Obwohl mir von Mainconcept versichert wurde, dass die Grafikkarte unschuldig ist, habe ich Sie bzw. ihr Treiber in Verdacht.
Ich habe eine HIS RAdeaon 9000. Welche hast Du?

Juemi


----------



## oliverx (28. Dezember 2003)

ich habe eine ATI Mobility Radeon 9000 (Acer Notebook TM803) Dein Verdacht könnte natürlich stimmen. Mein 2. Rechner kann Premiere Pro nicht laden (zu alter Prozessor) daher kann ich es nicht mit einer anderen Grafikkarte testen.
Mittlerweile habe ich es geschafft, dass im Adobe Encore DVD das Video korrekt angezeigt wird (dafür klappen Chapter Points noch nicht). Wenn man auf "Transcode" geht und das Video so "konvertiert", dann klappt es im EncoreDVD. Im Premiere Pro gibt es sowas aber nicht. Vor allem fehlt mir das wissen was dieses "Transcode" genau macht.

sg
  Oliver


----------



## juemi (29. Dezember 2003)

*AVi Premiere*

Bingo, wenn die Grafikkarte dieselbe ist!

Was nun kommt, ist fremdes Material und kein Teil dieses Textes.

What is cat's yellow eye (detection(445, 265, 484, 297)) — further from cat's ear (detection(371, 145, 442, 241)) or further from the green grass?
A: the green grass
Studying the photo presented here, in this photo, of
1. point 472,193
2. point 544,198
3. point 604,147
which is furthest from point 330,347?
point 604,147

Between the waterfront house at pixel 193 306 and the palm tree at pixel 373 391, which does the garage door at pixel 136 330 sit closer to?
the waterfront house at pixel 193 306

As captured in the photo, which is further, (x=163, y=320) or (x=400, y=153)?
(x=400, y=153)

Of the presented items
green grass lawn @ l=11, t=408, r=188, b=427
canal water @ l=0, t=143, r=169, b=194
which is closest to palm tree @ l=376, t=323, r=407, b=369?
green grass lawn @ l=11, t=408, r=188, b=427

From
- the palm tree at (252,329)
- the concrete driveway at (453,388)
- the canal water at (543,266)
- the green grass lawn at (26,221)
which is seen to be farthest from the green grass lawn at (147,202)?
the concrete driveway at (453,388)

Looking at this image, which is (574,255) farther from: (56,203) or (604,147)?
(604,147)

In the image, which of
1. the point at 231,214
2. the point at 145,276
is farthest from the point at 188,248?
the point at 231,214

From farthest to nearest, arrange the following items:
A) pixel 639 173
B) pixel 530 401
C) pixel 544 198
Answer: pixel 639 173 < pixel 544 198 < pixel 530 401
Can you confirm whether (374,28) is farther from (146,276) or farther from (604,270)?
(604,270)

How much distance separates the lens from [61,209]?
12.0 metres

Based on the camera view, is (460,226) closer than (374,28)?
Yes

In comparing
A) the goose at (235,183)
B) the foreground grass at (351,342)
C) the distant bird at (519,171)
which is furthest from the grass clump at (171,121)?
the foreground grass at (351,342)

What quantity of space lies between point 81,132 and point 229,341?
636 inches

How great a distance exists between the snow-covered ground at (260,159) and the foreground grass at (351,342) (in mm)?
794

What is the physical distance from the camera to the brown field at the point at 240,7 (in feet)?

Bei mir bringt das transcodieren nichts, ich behalte die Klötzchen. Interessanterweise bleibt die Darstellung bei einem früher geschnittenen avi solange gut, wie die Laufschrift am Beginn des Videos drauf ist. Erst danach beginnt die grobe Anzeige.
Für mich gibt es zum Schneiden halt nur die Version 6.5, die den Microsoft Codec benutzt.
Trotzdem wäre ich an einer Lösung interessiert.

Juemi


----------



## oliverx (30. Dezember 2003)

Dürfte wirklich an der Karte liegen. Mir ist das gleiche wie dir aufgefallen: Bei sämtlichen Titeln, Effekten und Überblendungen wird das Video korrekt angezeigt. Äußerst seltsam! Vielleicht gibt es ja doch eine Lösung, wenn das Video zumindest teilweise richtig angezeigt wird.

sg
  Oliver


----------



## juemi (30. Dezember 2003)

*Avi Radeon*

Hallo,

ich bin immer noch auf der Suche nach einer anderen Lösung als eine neue Grafikkarte. 
In dieser Seite habe ich was gefunden:
http://www.wednesday-night.com/ATI-RadeonDVnotes.asp

Da ist die Rede davon, dass die Radeon 9000 new directX  functionality nicht unterstützt. Bei Pro wird ja zuerst directX 9 installiert, also könnte es damit zusammenhängen. 
Wenn ich die Hardware Beschleunigung der Karte abschalte, dann zeigt Encore den Film nicht mehr an, also greift es auf directX zurück.
Die Frage ist jetzt nur, wie man es dazu bringen könnte, ohne directX auszukommen.

Juemi


----------



## juemi (3. Januar 2004)

*AVi Problem*

Hallo Oliver,

ich habe eine weitere Spur. Welche Kamera hast du? Eine Panasonic?
Wenn ja, lies mal das:
http://forum.mainconcept.com/viewtopic.php?t=1202&highlight=panasonic

Dann vergessen wir ggf das mit der Radeon.

Gruß Jürgen


----------



## oliverx (10. Januar 2004)

Ich hab genau die gleiche Panasonic Kamera, die in dem Thread angesprochen wird.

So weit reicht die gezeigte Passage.